Task brief: Starting with the line that includes "Полубарный стул Idealbeds", write out every remaining line of the records below exactly as it appears, leaving out any images.

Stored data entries

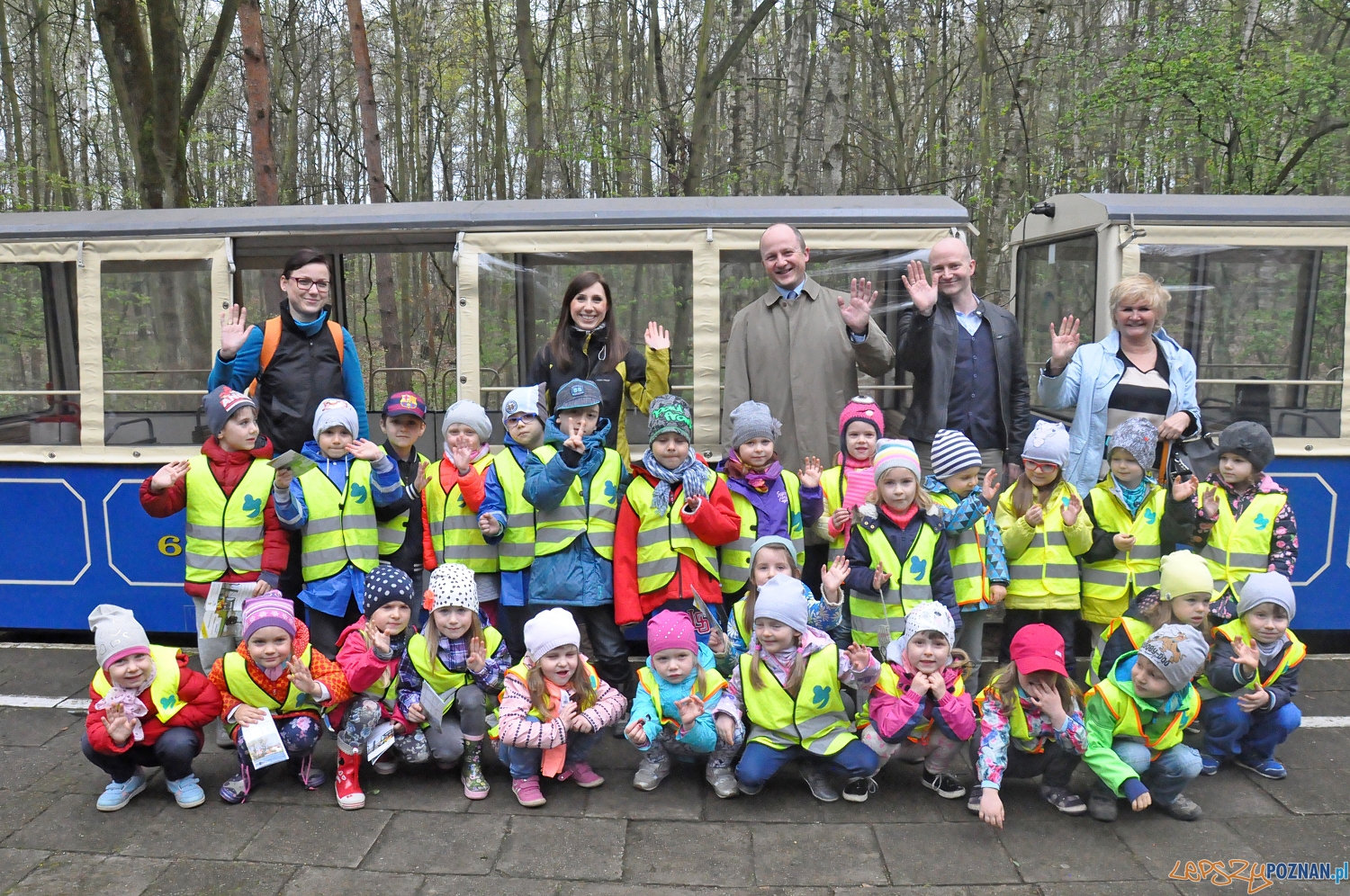 Wyrusza Maltanka! Foto: UMP Wyrusza Maltanka! Foto: UMP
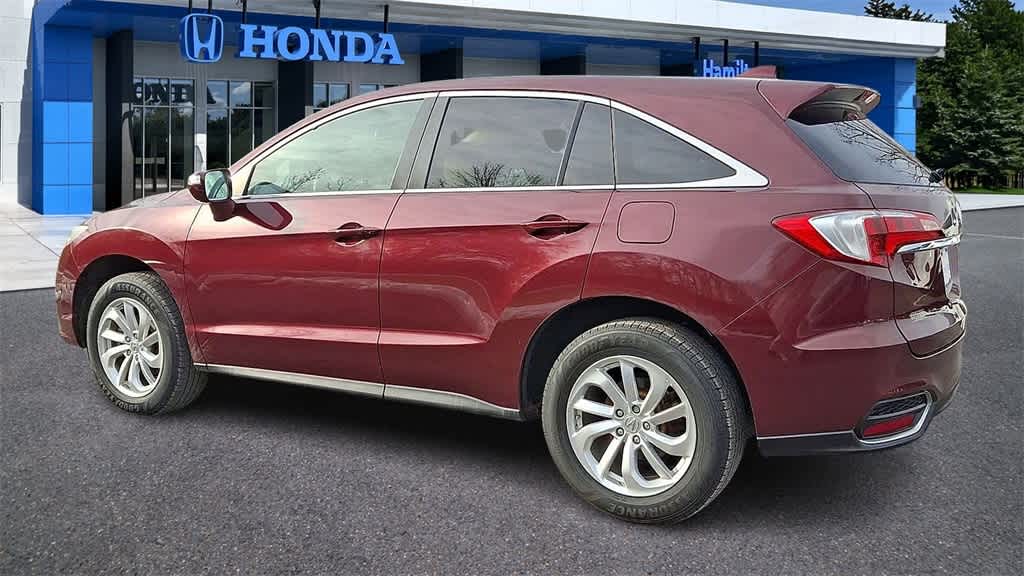 Thumbnail: 2016 Acura RDX - 6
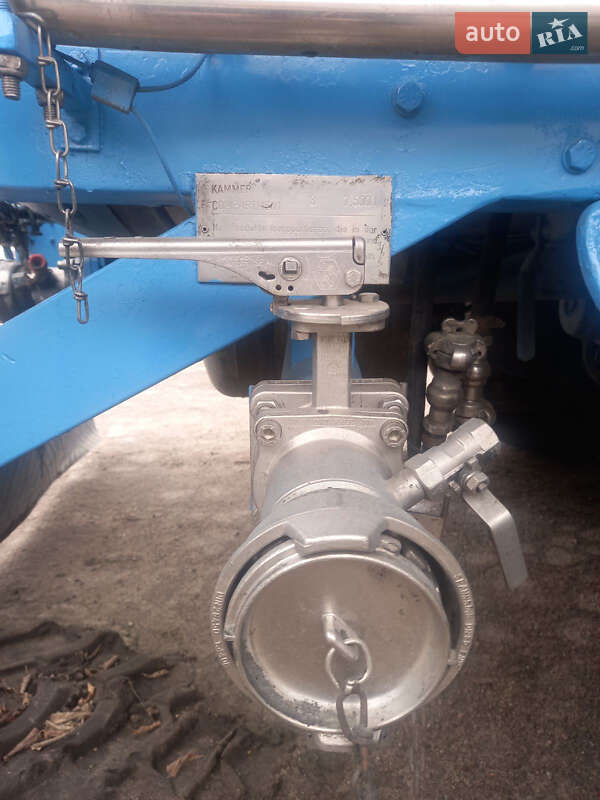 Інші вантажівки DAF XF 105 2012 в Черкасах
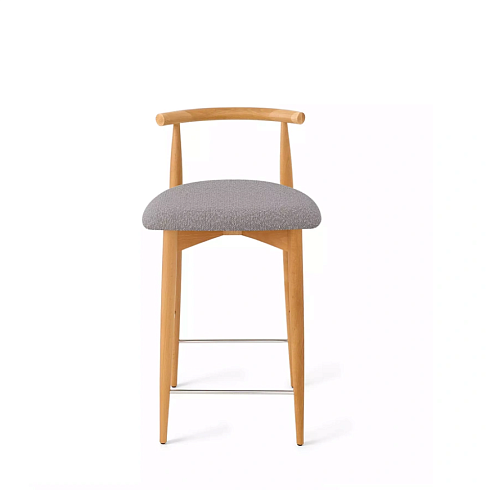 Полубарный стул Idealbeds Karl Velluto 08  Karl KARL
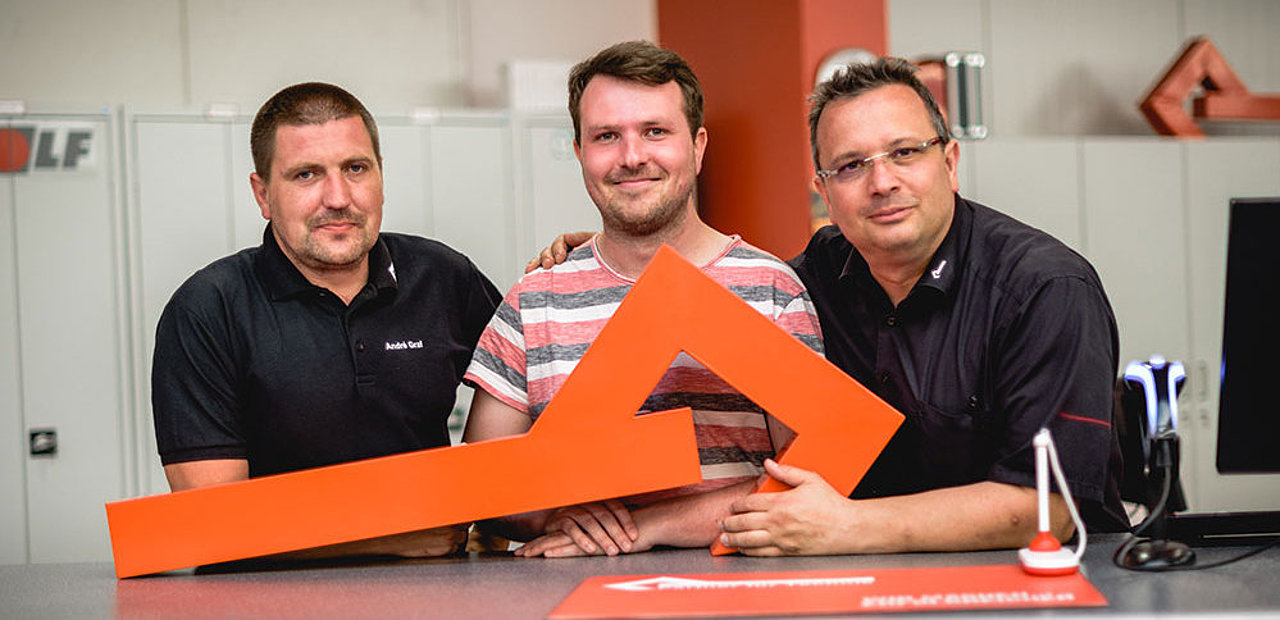 Fachmarkt Team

Solution for this problem:
 Полубарный стул Idealbeds Karl Velluto 08  Karl KARL
 Fachmarkt Team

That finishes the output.